Image-text web data
----------

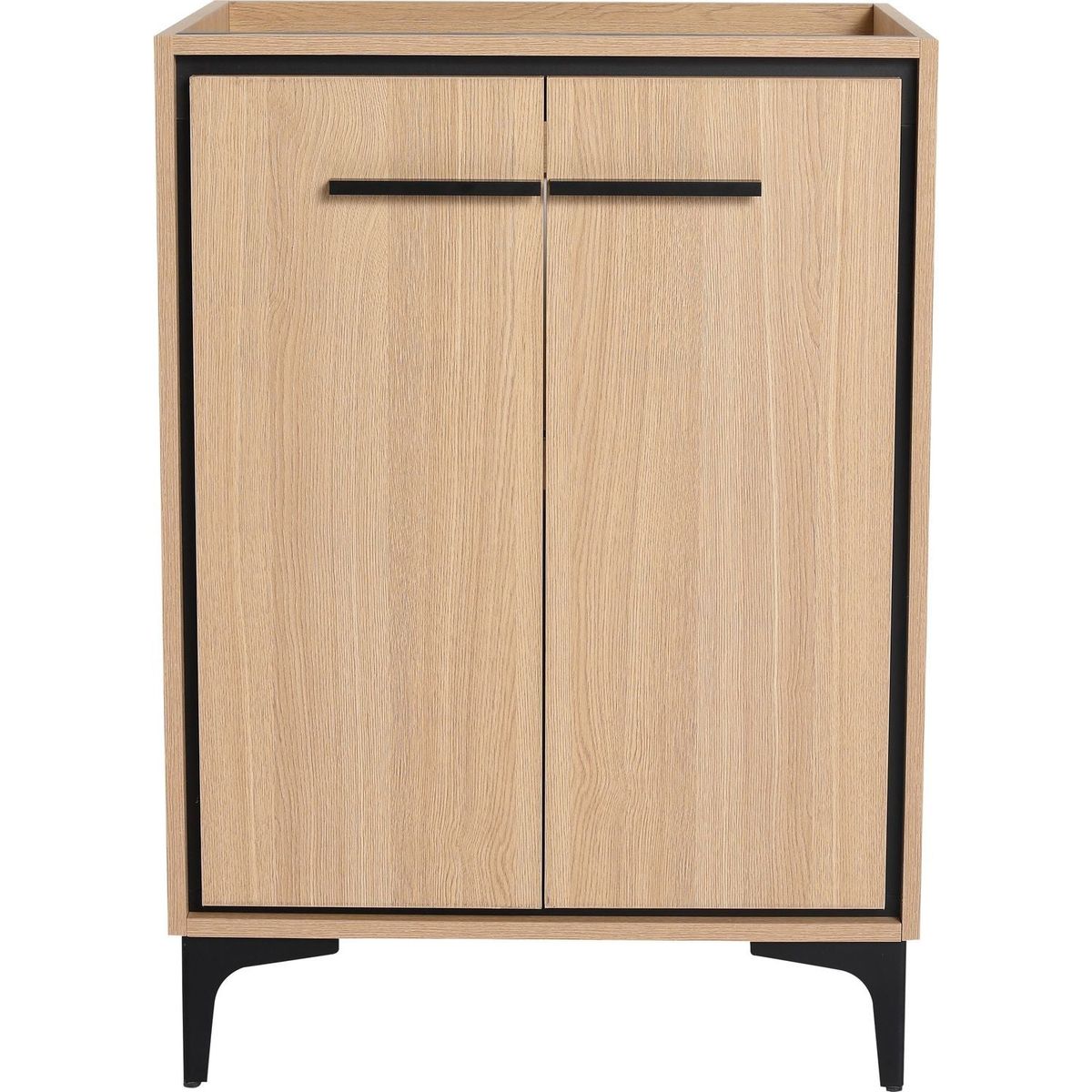 24" Bathroom Vanity without Top Sink, Modern Bathroom Storage Cabinet with 2 Soft Closing Doors, Single Sink Bathroom Vanity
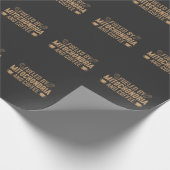 Biologie gespeist von Mitochondrien und Kaffeelieb Geschenkpapier (Ecke)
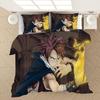 FAIRY TAIL Sleep Bedding Collection 3D Pattern Bed Cover Sets Japan Anime Comforter Bedding Sets FAIRY TAIL Bedclothes (NO Sheet) AYR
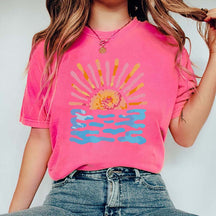 Summer Sun Rays Waves T-Shirt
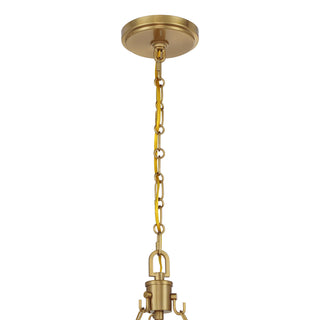 Catalan 4-Light Pendant in Warm Brass by Breegan Jane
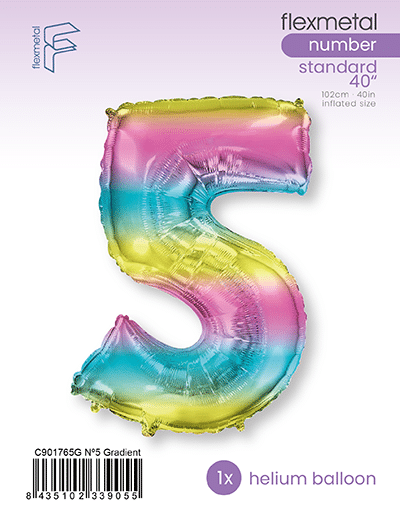Number 5 - Gradient, Single Pack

----------

* [Assignment]: Beginning at the line that contains "Summer Sun Rays Waves T-Shirt", give the remaining lines of the records again exactly, through the last one. Leave out pictures.

* [Result for this task]:
 Summer Sun Rays Waves T-Shirt
 Catalan 4-Light Pendant in Warm Brass by Breegan Jane
Number 5 - Gradient, Single Pack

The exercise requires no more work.